Der UV-Schaden an diesem Oldtimerreif en ist so stark, dass sich das aufvulkanisierte Profil bereits ablöst.
Der UV-Schaden an diesem Oldtimerreif en ist so stark, dass sich das aufvulkanisierte Profil bereits ablöst.

Gleiches gilt für elektrische Geräte. Sie können, wie Sonnenlicht, Ozon produzieren, das besonders schädlich für Gummi ist. Steht ein Fahrzeug länger im Freien, sind die Reifen zumindest mit einer lichtundurchlässigen Plane zu schützen. Um Verformungen (Standplatten) vorzubeugen, ist das Fahrzeug zudem aufzubocken und der Luftdruck um ca. ein bar zu erhöhen.

Bleibt noch zu klären, wie lange Reifen am Fahrzeug verbleiben dürfen, bevor sie aus Altergründen (nicht wegen Verschleiß) gewechselt werden müssen. Der BRV (Bundesverband Reifenhandel und Vulkaniseur-Handwerk e.V.; siehe: https://www.bundesverband-reifenhandel.de/verbraucher/sicherheitstipps/) empfiehlt, Reifen, die älter als 10 Jahre sind, nur dann noch zu fahren, wenn sie durch einen Reifenexperten auf ihre weitere Verwendungsfähigkeit untersucht wurden.

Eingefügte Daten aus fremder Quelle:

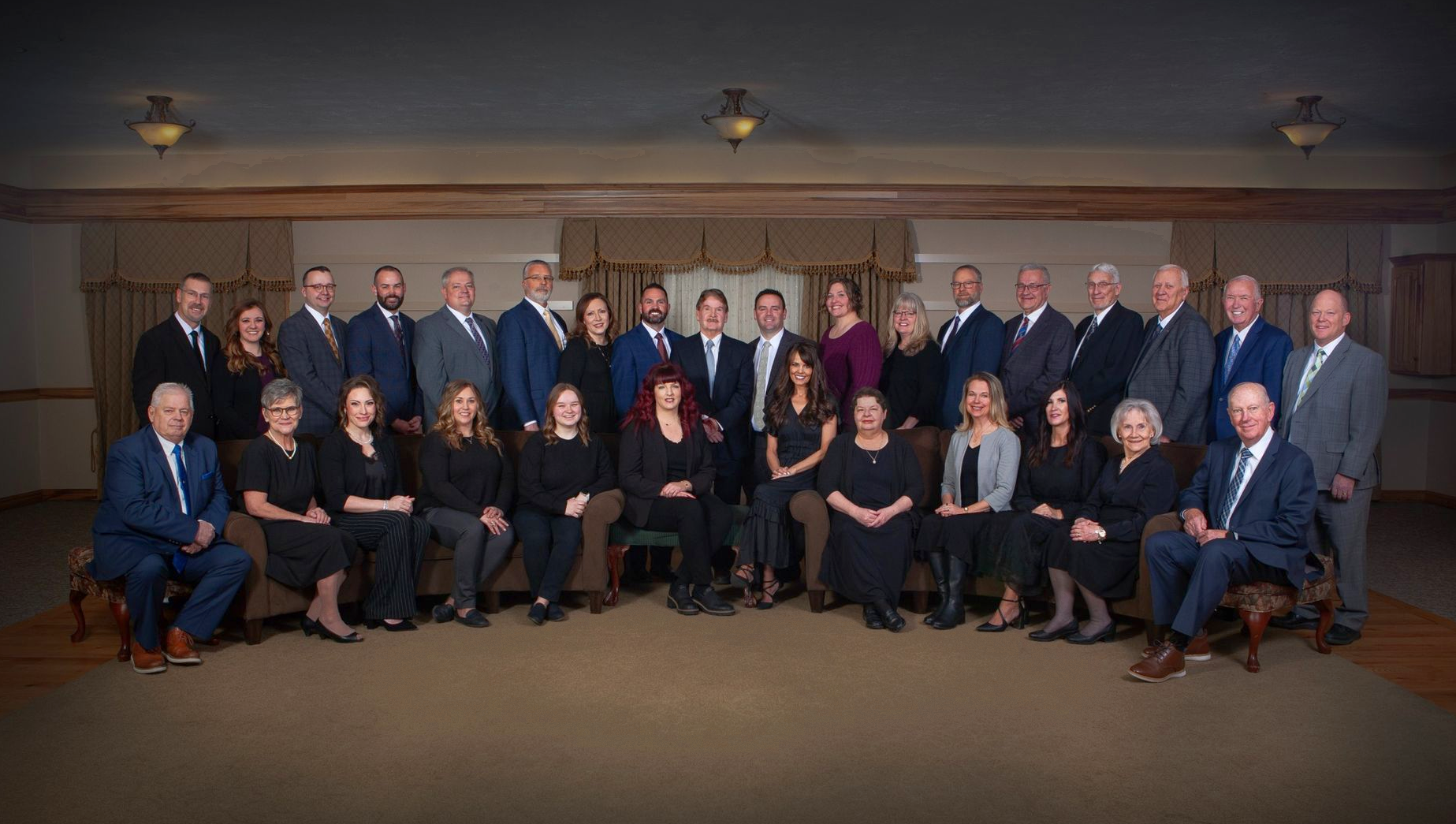 A large group of people are posing for a picture.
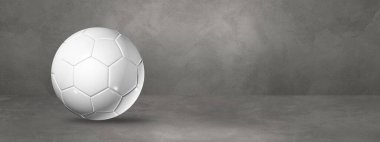 Beton bir stüdyo pankartıyla izole edilmiş beyaz futbol topu. 3B illüstrasyon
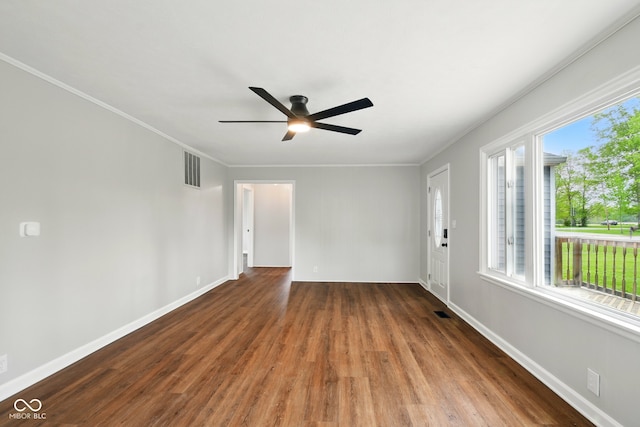 empty room featuring wood finished floors, crown molding, ceiling fan, and baseboards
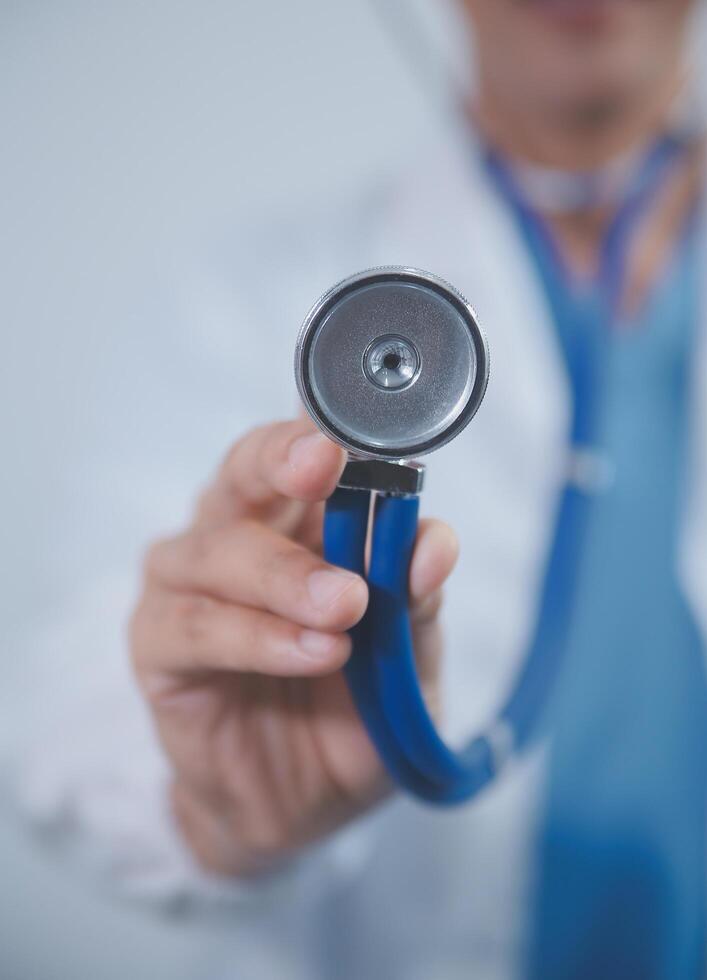 Senior doctor wearing white coat standing holding stethoscope in hands. Older male physician healthcare professional showing medical equipment ready to listen lungs or heart concept. Close up view photo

Dieser kann auch zuverlässig sagen, ob Profil, Lauffläche und Gummi noch sicher sind (abweichende Empfehlungen der Reifenhersteller sind hier zu beachten).

An der Reifenflanke ist der Hinweis auf das Produktionsdatum zu finden.
An der Reifenflanke ist der Hinweis auf das Produktionsdatum zu finden.

Reifenalter

Das Reifenalter erkennt man an der so genannten DOT-Nummer (DOT: Department of Transportation = US-amerikanisches Verkehrsministerium) auf der Reifenflanke. Sie wird wie folgt gelesen:

DOT 385

Die ersten beiden Ziffern „38“ geben die Kalenderwoche an, in der der Reifen hergestellt wurde; die Ziffer „5“ gibt das Jahr der Herstellung an, in diesem Fall 1985, da keine Zusatzkennung „“ (= Winkel, Dreieck, oder Stern), verwendet wird. Mit Zusatzkennung neben der dreistelligen DOT-Nummer wurde der Reifen in den 1990er Jahren produziert.

DOT 0915

Seit dem Jahr 2000 haben Reifen eine 4-stellige DOT-Nummer. Zum Beispiel: DOT 0915. Die ersten beiden Ziffern geben wieder die Kalenderwoche an, also hier die 09. Woche. Die 3. und 4. Ziffer geben das Jahr an, in unserem Beispiel das Jahr 2015.

Häufig steht das Reifenalter nur auf einer Seite des Reifens!